# What you will do
Print the records below exactly, and do not carry over any picture.

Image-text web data
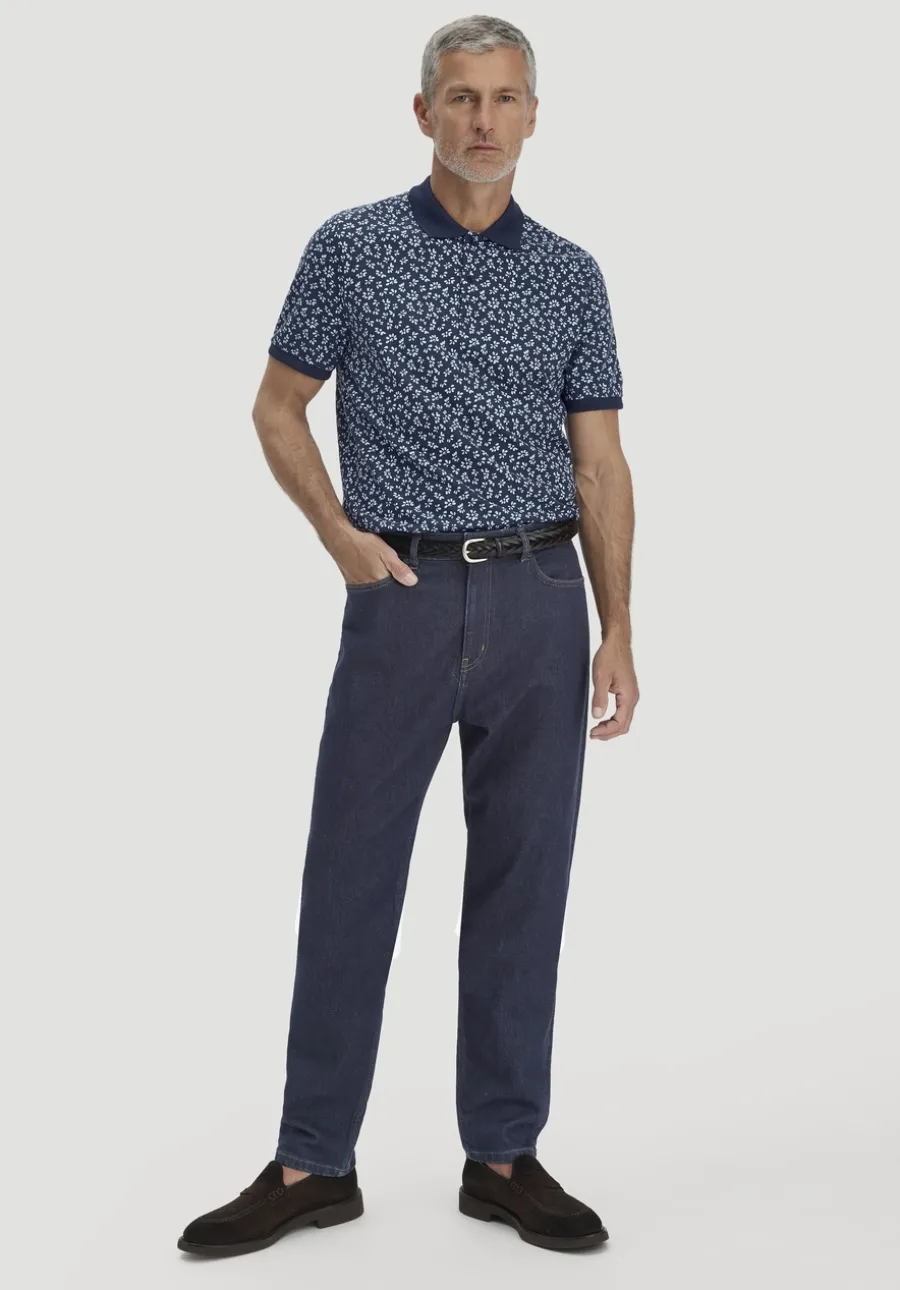 Print Piqué Polo Relaxed aus reiner Bio-Baumwolle von hessnatur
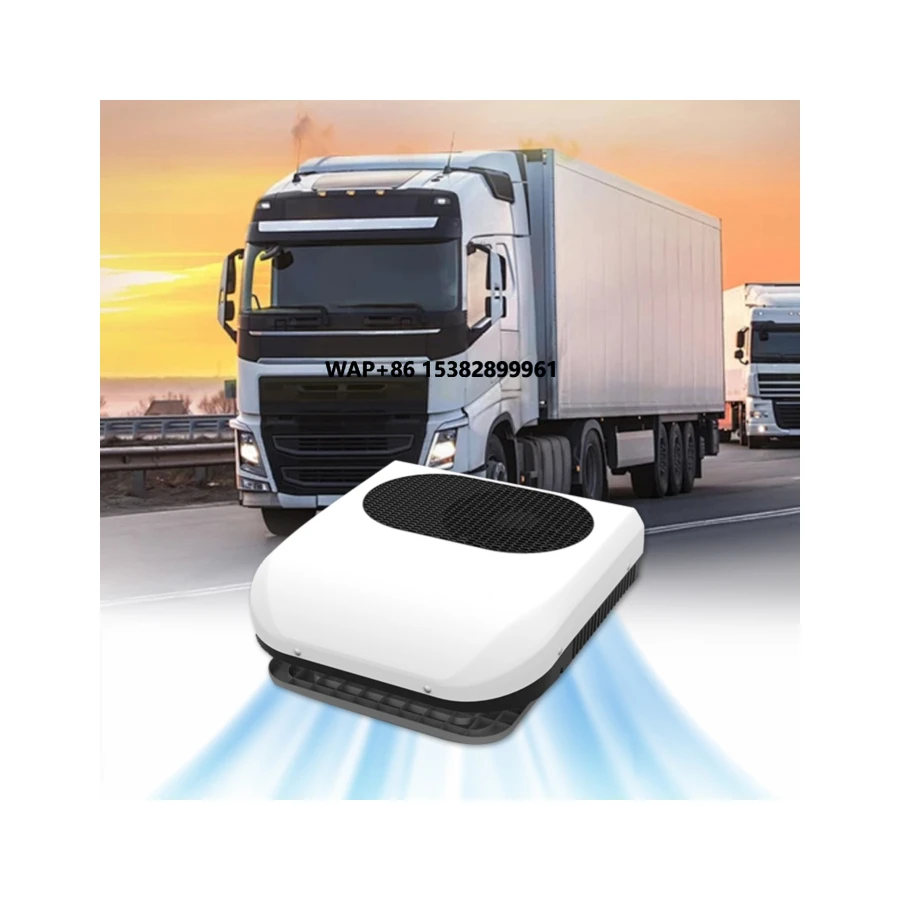 مكيف هواء صغير RV 12/24 فولت على السطح لشاحنة فان النوم تيار مستمر Rv فان على السطح مع حالة جديدة لحافلة الشاحنة #1
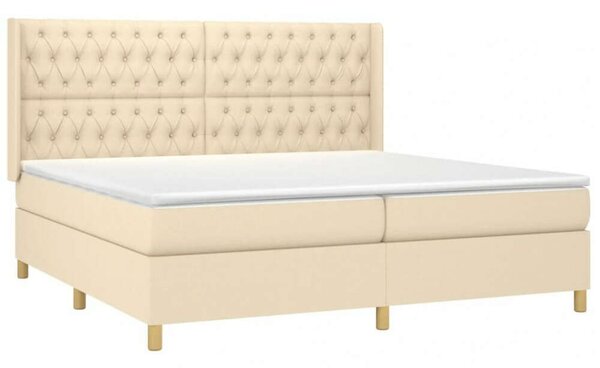 VidaXL Krémszínű Ágy LED-del - 200x200 cm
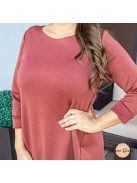 Anna viszkóz tunika - terrakotta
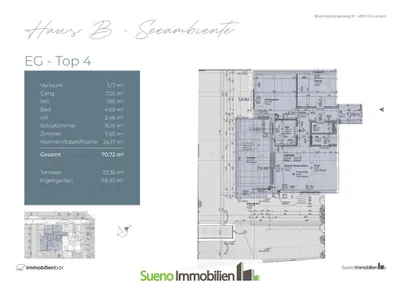2-Zimmer-Wohnung kaufen in Gmunden – 70,72 m², € 502.000 – Bild 24 von 29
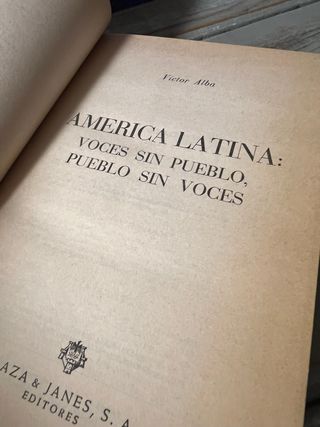 America latina - Victor Alba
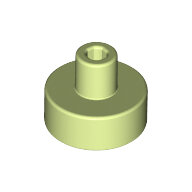 LEGO Yellowish Green Tile, Round 1 x 1 with Bar and Pin Holder 20482 - 6223506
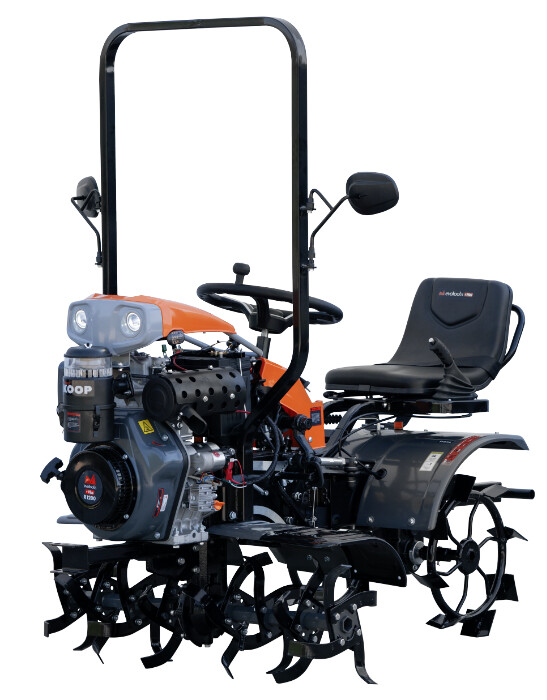Motocultor Ride-On (Minitractor) 4x4 R1200 Diesel Koop Pornire Electrica EvoTools +Plus [3]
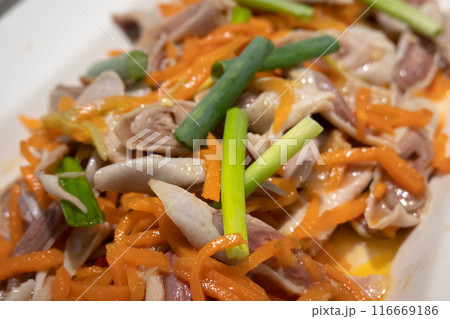 stir-fried pork intestines 116669186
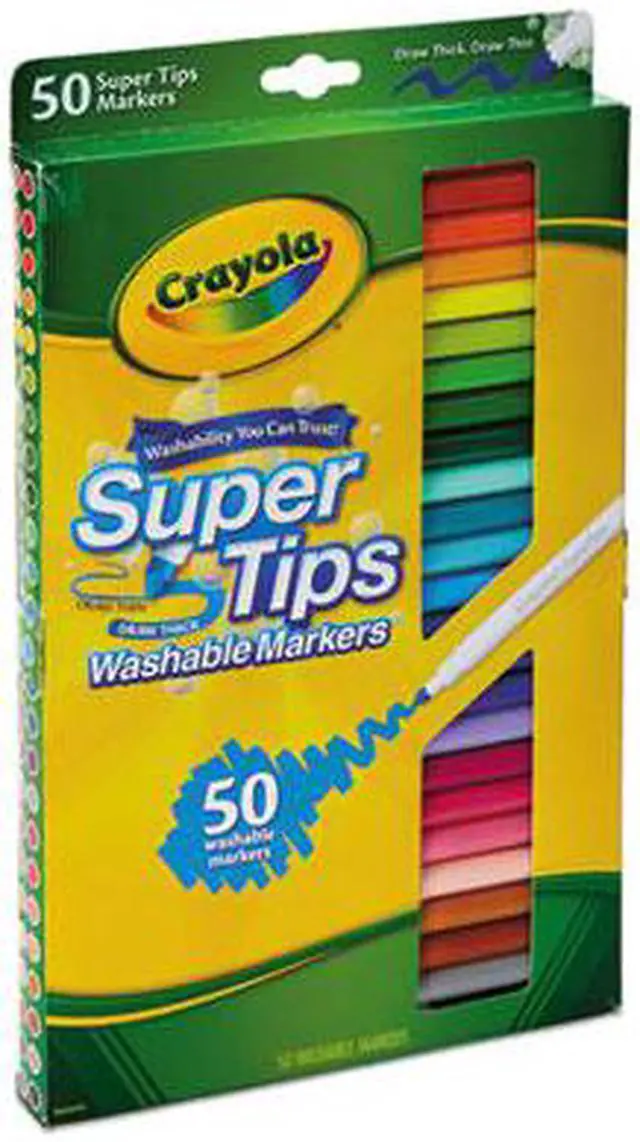 Alt view image 10 of 13 - Crayola Llc Formerly Binney & Smith BIN585050 Washable Markers 50Ct Super Tips
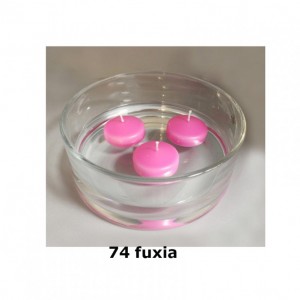 CANDELE GALLEGGIANTI PZ 28 - fucsia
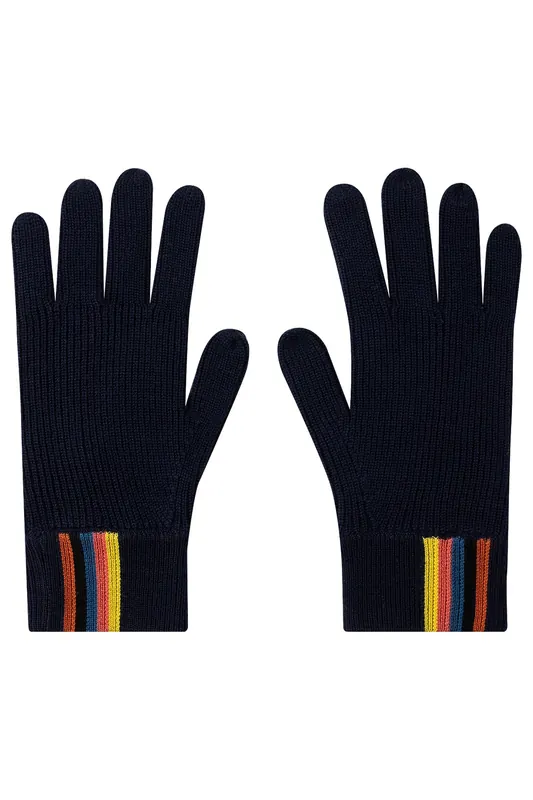 Paul Smith Men Glove Artist End Navy Maat: OS | Handschoenen Outlet | Heren | Zwart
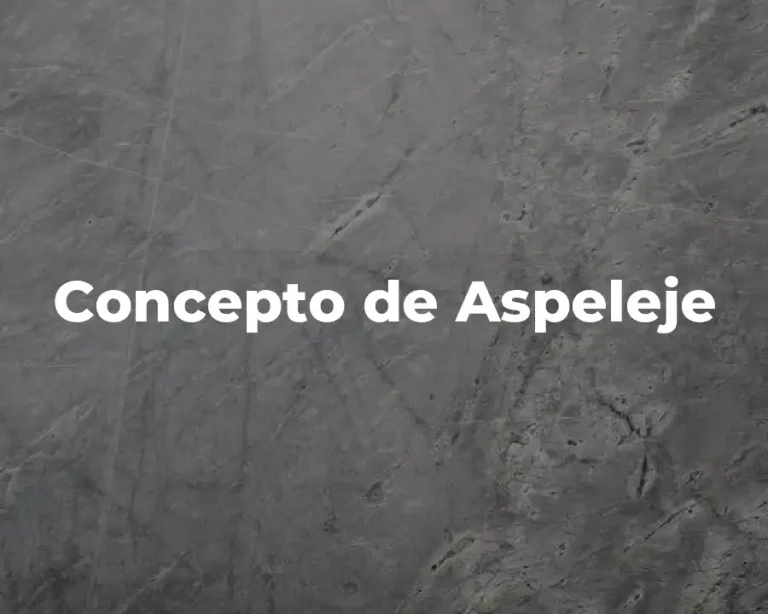Concepto de Aspeleje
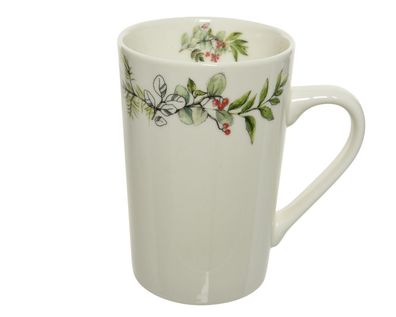 Becher Porzellan d6,70h12 cm weiß Decoris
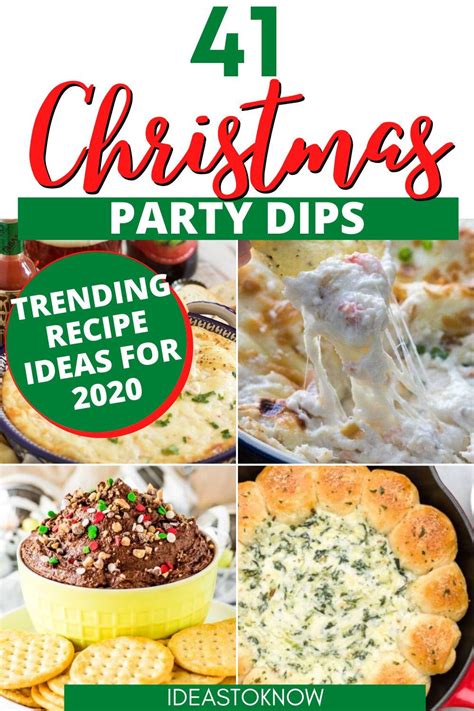 41 Best Christmas Party Dips | Christmas party dips, Party food ...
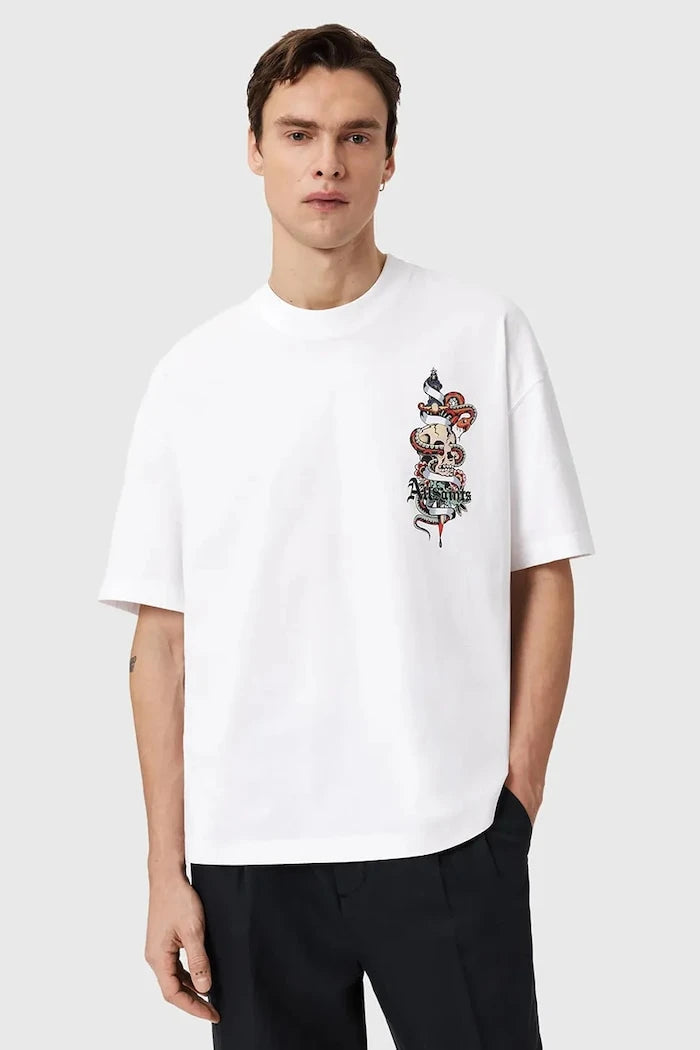 Памучна тениска AllSaints BLADE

# Reply to the task
 Print Piqué Polo Relaxed aus reiner Bio-Baumwolle von hessnatur
 مكيف هواء صغير RV 12/24 فولت على السطح لشاحنة فان النوم تيار مستمر Rv فان على السطح مع حالة جديدة لحافلة الشاحنة #1
 VidaXL Krémszínű Ágy LED-del - 200x200 cm
 Anna viszkóz tunika - terrakotta
2-Zimmer-Wohnung kaufen in Gmunden – 70,72 m², € 502.000 – Bild 24 von 29
 America latina - Victor Alba
 LEGO Yellowish Green Tile, Round 1 x 1 with Bar and Pin Holder 20482 - 6223506
Motocultor Ride-On (Minitractor) 4x4 R1200 Diesel Koop Pornire Electrica EvoTools +Plus [3]
 stir-fried pork intestines 116669186
 Alt view image 10 of 13 - Crayola Llc Formerly Binney & Smith BIN585050 Washable Markers 50Ct Super Tips
 CANDELE GALLEGGIANTI PZ 28 - fucsia
 Paul Smith Men Glove Artist End Navy Maat: OS | Handschoenen Outlet | Heren | Zwart
Concepto de Aspeleje
 Becher Porzellan d6,70h12 cm weiß Decoris
 41 Best Christmas Party Dips | Christmas party dips, Party food ...
 Памучна тениска AllSaints BLADE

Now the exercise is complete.